Rappelons que François Hollande, avant d'être élu président, cumulait, comme moi, les fonctions de député et de président de conseil général. Et cela ne semblait pas lui poser de problème existentiel. C'est un choix de vie : il faut beaucoup travailler, renoncer aux vacances ou aux week-ends, mais il est tout à fait possible d'assumer les deux fonctions. Moi, les 35 heures, je les fais avant le mercredi matin !"

CONTRE. Jean-Jacques Urvoas (PS, Finistère) : "On ne peut pas bien faire son travail" avec deux mandats

"J’étais partisan du non-cumul des mandats par conviction en 2007, lorsque, élu député, j’ai démissionné de mon poste de conseiller régional. Je suis maintenant partisan du mandat unique par expérience. Honnêtement, la charge de travail est telle qu’on ne peut pas bien faire son travail de député et avoir une autre fonction importante.

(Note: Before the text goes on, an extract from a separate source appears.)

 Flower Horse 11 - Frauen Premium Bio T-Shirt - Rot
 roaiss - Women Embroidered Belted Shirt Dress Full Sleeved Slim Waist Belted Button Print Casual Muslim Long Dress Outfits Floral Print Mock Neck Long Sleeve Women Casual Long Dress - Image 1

Un mandat local permet certes d’avoir une réflexion plus pratique, mais je ne pense pas qu’un maire ait le temps d’être pleinement député. On peut être un excellent député de 25 façons différentes, mais être un bon législateur nécessite une présence intensive à l’Assemblée. On ne peut pas faire la loi entre le mardi 10 heures et le mercredi 16 heures. En ce qui me concerne, j’arrive le lundi soir et je repars le jeudi en fin d’après-midi. Il faut pouvoir aller constater comment la loi est appliquée localement, se donner le temps de réunir tous les publics concernés par un texte..."

CONTRE. Christian Kert (UMP, Bouches-du-Rhône) : "On doit réserver du temps au rôle de médiateur dans sa circonscription" 

"Il faut tirer sagesse de ses échecs ! C'est en n’étant pas élu lors des municipales de 2001 que je me suis aperçu qu’on pouvait, effectivement, consacrer beaucoup plus de temps à la fonction de parlementaire. Je m’en suis fait une religion et je pense que c’est la bonne formule. C’est dans cette période que j’ai pu conduire des commissions d’enquête, produire nombre de rapports et même être classé parmi les députés les plus actifs.

C’est mon sixième mandat consécutif, cela prouve que j’ai un vrai lien avec ma circonscription ! Il est peut-être possible de cumuler avec un mandat de maire d'une petite commune, ou d'une commune de taille moyenne. Mais c’est vraiment très difficile avec la présidence d’un conseil régional ou général. D’ailleurs, si une proposition de loi en ce sens est faite, je la voterai même si je fais partie de l’opposition. Il y a trois fonctions dans le mandat de député : celles de législateur et de contrôle du gouvernement nécessitent d’être à Paris. La troisième, c’est un rôle de médiateur dans sa circonscription, ce à quoi il faut aussi réserver du temps."